*** Exercise data Section Begins ***

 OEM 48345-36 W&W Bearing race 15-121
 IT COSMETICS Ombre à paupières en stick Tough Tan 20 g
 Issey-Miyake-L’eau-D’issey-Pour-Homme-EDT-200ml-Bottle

*** Exercise data Section Ends ***
*** Exercise data Section Begins ***

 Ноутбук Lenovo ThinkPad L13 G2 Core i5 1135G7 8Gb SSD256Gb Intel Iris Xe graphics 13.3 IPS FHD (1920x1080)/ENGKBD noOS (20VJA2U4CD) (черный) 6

*** Exercise data Section Ends ***

— What is being asked —
Copy, exactly and only, the lines above that begin with the one containing "OEM 48345-36 W&W Bearing race 15-121" and finish with the one containing "Issey-Miyake-L".

— Written solution —
 OEM 48345-36 W&W Bearing race 15-121
 IT COSMETICS Ombre à paupières en stick Tough Tan 20 g
 Issey-Miyake-L’eau-D’issey-Pour-Homme-EDT-200ml-Bottle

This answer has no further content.